詐欺師は、一見合法的なプロジェクトを立ち上げて投資家を誘い込み、資金を投資させたりトークンを購入させます。資金や流動性がある程度集まると、詐欺師はスマートコントラクトの脆弱性を悪用して資金を持ち逃げするのです。脆弱性は、最初からコードに仕込まれていることが多いです。
ラグプル詐欺を見抜くためのポイントは、以下のとおりです。
- 開発者やチームメンバーの身元が不明確
- プロジェクトの可能性やパートナーシップについて虚偽または誇張した主張をしている
- 開発者や初期投資家に有利なトークノミクス
1. フィッシング詐欺
フィッシング詐欺は、銀行、住宅ローン会社、大手企業など、信頼できる組織を装って、ユーザーに偽のメールを送信する詐欺です。主な目的は、ユーザーのログイン情報やクレジットカード番号などの個人情報を盗むことです。
フィッシング詐欺はインターネット全体で蔓延しているサイバー攻撃の代表例ですが、仮想通貨の世界でも広く行われています。詐欺師は、仮想通貨ユーザーをターゲットにして、仮想通貨ウォレットの秘密鍵を盗み取ろうとするのです。
フィッシング詐欺の代表的な手口としては、偽サイトへのリンクを記載したメールを送り、ユーザーに秘密鍵を入力させるという方法があります。情報を入手すると、詐欺師はユーザーの仮想通貨を盗むことができます。

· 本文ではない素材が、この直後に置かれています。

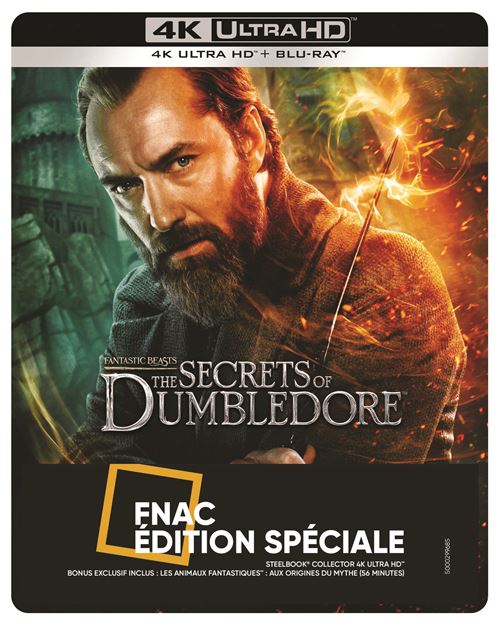 Les Animaux Fantastiques 3 : Les Secrets de Dumbledore Édition Collector  Spéciale Fnac Steelbook Blu-ray 4K Ultra HD - Blu-ray 4K - Achat & prix |  fnac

フィッシング詐欺から身を守るために注意すべき点は、以下のとおりです。
- 迷惑メールやメッセージに注意する。
- 個人情報やパスワードを要求するメールには返信しない。
- メールやメッセージに埋め込まれたリンクをクリックしない。
- 送信者のメールアドレスを確認する。
- 公式ウェブサイトのURLを確認する。
まとめ
ビットコインに代表される仮想通貨が普及するとともに、詐欺も増加しています。詐欺の手口は様々で、敷物詐欺や景品詐欺といった単純なものから、ネズミ講やフィッシング詐欺といった伝統的な詐欺まで幅広く存在します。
仮想通貨詐欺は様々な方法で実行されますが、目的はいずれも投資家を騙して金銭を盗むことです。
仮想通貨ユーザーは注意力を上げ、積極的に対策を講じる必要があります。